記事をご覧くださり、本当にありがとうございます!
最近、糸島に移住して飲食店を開きたいという宿泊者の方が多くいらっしゃいます。
個人的には、糸島の中心・前原(まえばる)への出店をおすすめしておりますが、知らない土地に大金をかけて出店するのはとても怖いですよね。
私たちも前原DIYリノベウィークなどのイベントを行ったり、マエバルウォークという飲み歩きイベントを主催したりして、地域とのつながりを深めてきた流れがあります。

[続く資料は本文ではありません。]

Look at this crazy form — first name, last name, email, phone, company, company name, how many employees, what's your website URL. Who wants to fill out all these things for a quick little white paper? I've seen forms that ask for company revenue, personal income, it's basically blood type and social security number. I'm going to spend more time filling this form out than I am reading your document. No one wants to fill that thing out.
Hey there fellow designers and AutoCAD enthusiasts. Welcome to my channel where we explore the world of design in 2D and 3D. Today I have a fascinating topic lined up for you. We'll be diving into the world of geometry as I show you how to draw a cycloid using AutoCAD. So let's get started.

また、多くの飲食店開業者との交流やグルメな人との情報交換、糸島の飲食店の食べ歩きをしてきた経験から、糸島移住からの飲食開業者向けの情報を公開して、ぜひ参考にしてもらおうとこの記事にまとめました。
別に以下の内容を熟読すれば繁盛店が出来上がるというわけではありません。笑。あくまで一つの参考意見として捉えてくれれば嬉しく思います。
前原スタートアップの「ススメ」
「糸島に出店したい!」という方は多くいますが、その中心地である「前原(まえばる)」について簡単に説明したいと思います。
前原の歴史
上の地図において、緑色の範囲が「糸島市」になります。
だいたい20km四方の四角形に収まる広さです。
そして、当宿「前原宿ことのは」が位置するのは、JR筑前前原駅前で、一般的に「前原」というと、地元の人はこの駅前一体の繁華街をイメージします。

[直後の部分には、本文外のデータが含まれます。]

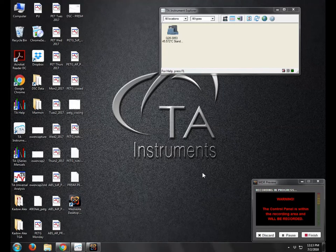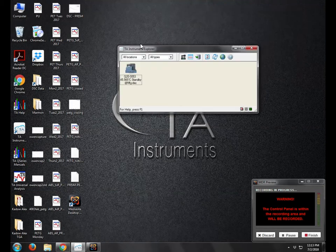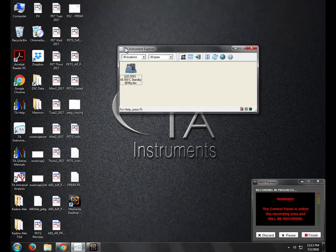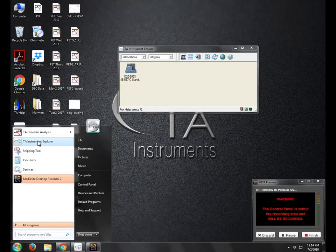Hi everyone, this is the video to run the differential scanning calorimeter software. The first thing we'll do is open TA Instrument Explorer. You can do that through this Windows key, and it's right here.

(*前原という名前は直接的には市町村合併前の「旧前原市」に由来します。)
福岡市の都心部から電車で30〜40分の近い距離なのもメリットの一つです!
駅前から広がる前原の商店街は、江戸時代の宿場町に由来し、多くの旅人が行き交うだけでなく、糸島中の人が集まる地域の中心でもありました。
昭和時代は、文字通りの繁華街で多くの買い物客で賑わいました。
しかし・・・
平成時代は多くの人がショッピングモールへ買い物へ行くようになったため、前原はシャッター商店街と化し、しばらく寂しい状況が続いていました・・・
ところが・・・
地元の糸島新聞が特集してくれたように、ここ数年で急に盛り上がっているのが前原商店街です!
オープンするお店も個性爆発なお店が多く、エスニック居酒屋ハイホーもその一例です。九州初でベトナム料理・バインミーを売り出したお店です。
お店ができた時は、なぜ前原に?ってびっくりしました。
この流れは実はさらに加速していて、純手打ちパスタ・タリアテッレの専門店や、自らベトナムにカカオを買い付けにいくチョコレート専門店も出来ています。
そんな状況下で、さらに出店希望者が増えているのが前原なのです。
糸島の飲食店事情
糸島といえば「海沿いのカフェ」がイメージされるほど、海沿いでランチは糸島観光の定番であります。
例えば、ベーカリーレストラン「カレント」さんなどは、とても人気ですね。
まるで沖縄のような透き通った青い海と、出来る限り地産地消にこだわった美味しい食事は多くの観光客を惹きつけてやみません。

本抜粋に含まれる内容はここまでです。